Digital Humanities Observatory Dublin Lecture

The DHO announces an upcoming presentation by DHO Metadata Manager Dot Porter entitled ‘Reading, Writing, Building: the Old English Illustrated Hexateuch’. The lecture is presented as part of the Culture and Technology Seminar Series organized by Humanities Advanced Technology And Information Institute (HATII) at the University of Glasgow, and will be simultaneously webcast. Ms. Porter holds an MA from the Medieval Institute at Western Michigan University and has worked on several digital editing projects of medieval manuscripts.

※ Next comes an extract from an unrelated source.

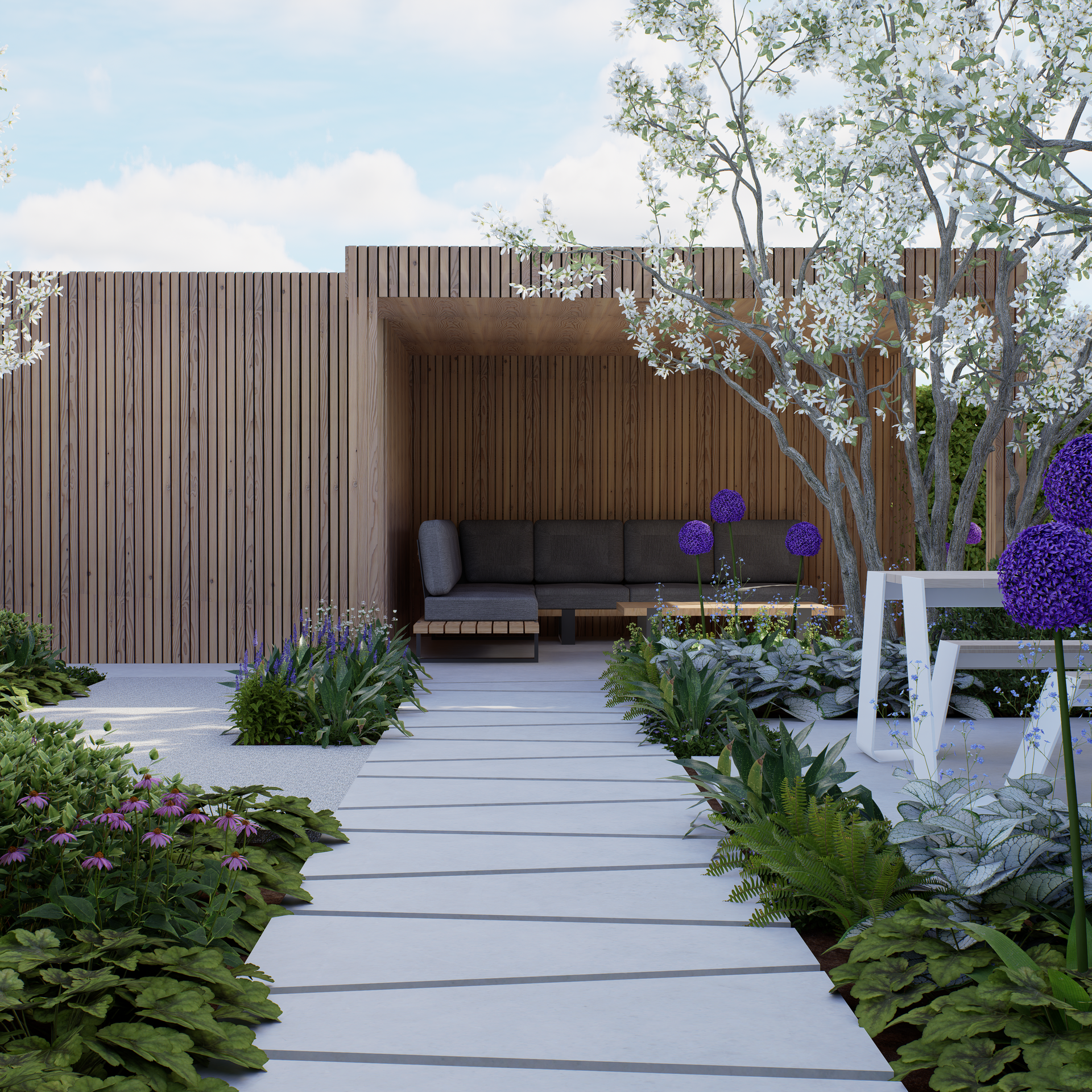 Stone path leads to a wooden structure with seating, surrounded by a garden with flowers and trees.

Date: 26 January 2009, 15:00-16:00
Venue: Royal Irish Academy, 19 Dawson Street, Dublin 2
All Welcome

http://www.digitalhumanities.ie/node/59

Abstract:

In recent years there has been a growth amongst humanities scholars in the interest in the materiality of objects including manuscripts, printed books, and inscribed stones, as they relate to the text inscribed upon them and contained within them. This interest has shown itself in the digital humanities as well, as scholars explore how computers might be made to express the physical in the digital. This may take many forms, including 2D images, 3D images or scans, or textual descriptions of objects.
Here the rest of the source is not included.